Sous le prisme des défis climatiques et environnementaux, les acteurs des médias, la société civile et les structures étatiques ont échangé autour d’une table ronde dans le but de renforcer le journalisme d’investigation le 6 juillet 2023 à Ouagadougou. Initiée par la Cellule Norbert Zongo pour le journalisme d’investigation en Afrique de l’Ouest (CENOZO), cette table ronde a pour thème « Défis climatiques et environnementaux : quelles collaborations entre médias société civile et structures étatiques ?».

L’objectif principal des échanges était de permettre aux journalistes d’échanger directement avec la société civile et les décideurs publics sur la contribution du journalisme d’enquête à l’atténuation des effets des changements climatiques et à la résilience climatique.
Cette table ronde s’est voulu une « occasion pour permettre aux journalistes d’investigation burkinabè d’expliquer le contexte dans lequel ils réalisent leurs enquêtes et leur permettre aussi d’interpeller les acteurs de la société civile et les représentants de l’État sur des questions liées à l’environnement et aux changements climatiques », explique Jérôme Bationo, journaliste et modérateur des discussions. Selon ce dernier, c’est une opportunité offerte aux acteurs de la société civile et aux représentants de l’État d’expliquer les réalités du terrain aux journalistes et de proposer des recommandations pour améliorer la collaboration entre les journalistes, la société civile et les institutions publiques.

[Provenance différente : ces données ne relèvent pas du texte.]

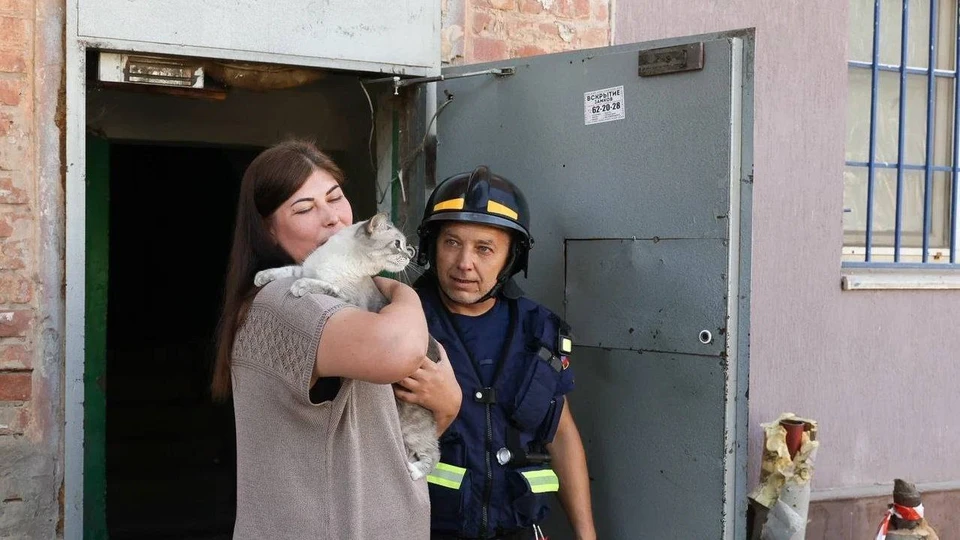 Женщина поблагодарила за оперативное возвращение животного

Dans un premier temps, les journalistes ont expliqué les difficultés qu’ils rencontrent lorsqu’ils ont affaire aux acteurs de la société civile et aux structures de l’État. Ces difficultés sont entres autres la lourdeur administrative de ces entités, leur méfiance vis-à-vis des journalistes et l’absence de réponse lorsque des correspondances leur sont adressées. « Lorsque nous envoyons nos courriers auprès des structures étatiques, ils nous répondent rarement, même après plusieurs relances », déclare Gaston Sawadogo journaliste d’investigation.
Les acteurs de la société civile et les structures de l’État ont dans un second temps énuméré les problèmes auxquels ils font face quand il s’agit de collaborer avec les médias. Il s’agit du non-respect de la hiérarchie lorsque les journalistes sont à la recherche d’information, le coût élevé des reportages et la non maîtrise de la profession des journalistes par leur structure.
Néanmoins, tous ont exprimé leur satisfaction à l’égard de l’opportunité qui leur ait offerte d’échanger sur la nécessité de renforcer leur collaboration.
A la fin des échanges, des recommandations ont été formulées par les différents acteurs.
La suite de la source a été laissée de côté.